- The index gathers downside momentum and approaches 111.00.
- The appetite for the risk complex picks up pace and weigh on the USD.
- The CB Consumer Confidence gauge comes next in the docket.
The USD Index (DXY), which tracks the greenback vs. a bundle of its main rivals, accelerates its decline to the vicinity of the 111.00 neighbourhood, or 3-week lows.
USD Index looks to data
The index sinks further and maintains the negative tone for the second consecutive week on the back of the strong improvement in the sentiment surrounding the risk-associated universe.
The knee-jerk in the dollar follows the equally marked pullback in US yields across the curve, where the short end and the belly flirt with multi-day lows.
Data wise in the US, the FHFA House Price Index contracted at a monthly 0.7% in August, while the Consumer Confidence print tracked by the Conference Board will be in the limelight later in the session.
What to look for around USD
The dollar comes under heavy selling pressure and puts the 111.00 zone to the test on turnaround Tuesday.
In the meantime, the firmer conviction of the Federal Reserve to keep hiking rates until inflation looks well under control regardless of a likely slowdown in the economic activity and some loss of momentum in the labour market continues to prop up the underlying positive tone in the index.

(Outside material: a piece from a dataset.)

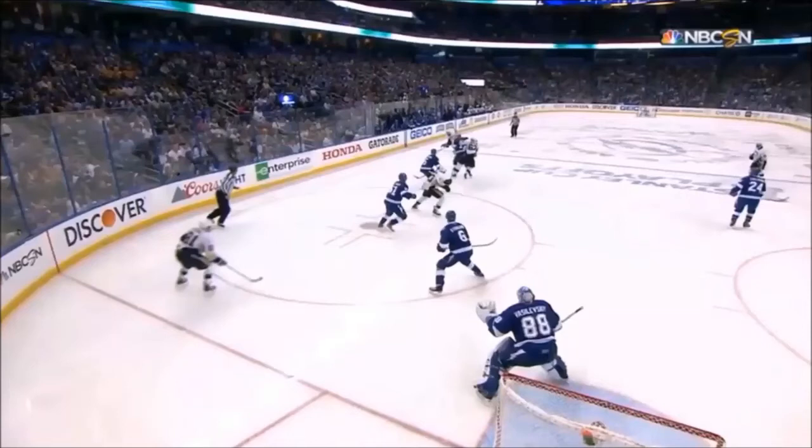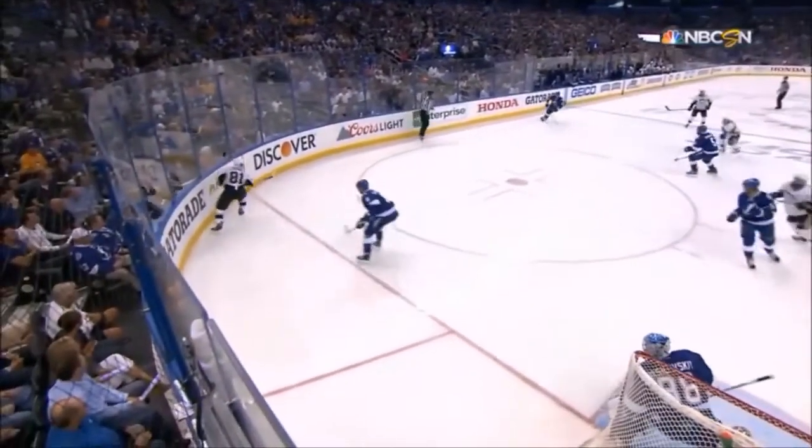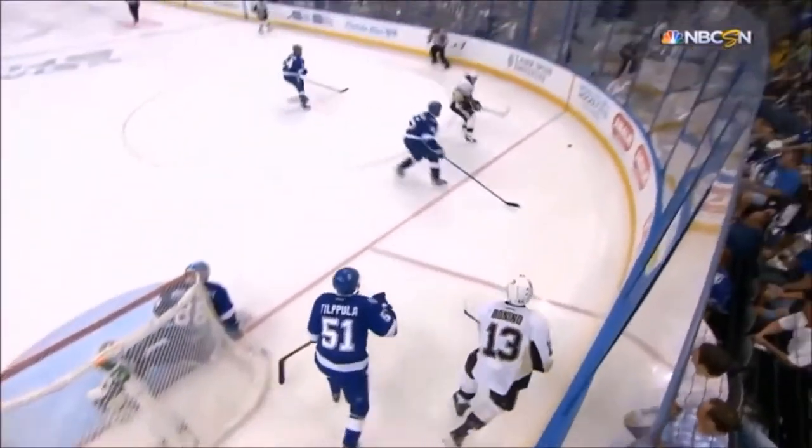One of the skills that's becoming more and more important with the evolution of the game is being able to work the walls — play with your feet and your stick and protect the puck with your body while working right against the boards. I'm going to show a few examples. This is just a couple clips of what it looks like now, guys being able to play against the wall.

Looking at the more macro scenario, the greenback also appears bolstered by the Fed’s divergence vs. most of its G10 peers in combination with bouts of geopolitical effervescence and occasional re-emergence of risk aversion.
Key events in the US this week: FHFA House Price Index, CB Consumer Confidence (Tuesday) – MBA Mortgage Applications, New Home Sales, Building Permits, Advanced Goods Trade Balance (Wednesday) – Flash Q3 GDP Growth Rate, Durable Goods Orders (Thursday) – PCE/Core PCE Price Index, Personal Income/Spending, Pending Home Sales, Final Michigan Consumer Sentiment (Friday).
Eminent issues on the back boiler: Hard/soft/softish? landing of the US economy. Prospects for further rate hikes by the Federal Reserve vs. speculation of a recession in the next months. Geopolitical effervescence vs. Russia and China. US-China persistent trade conflict.
USD Index relevant levels
Now, the index is retreating 0.77% at 111.13 and the breach of 110.05 (weekly low October 4) would open the door to 109.35 (weekly low September 20) and finally 107.68 (monthly low September 13). On the other hand, the next up barrier lines up at 113.88 (monthly high October 13) seconded by 114.76 (2022 high September 28) and then 115.32 (May 2002 high).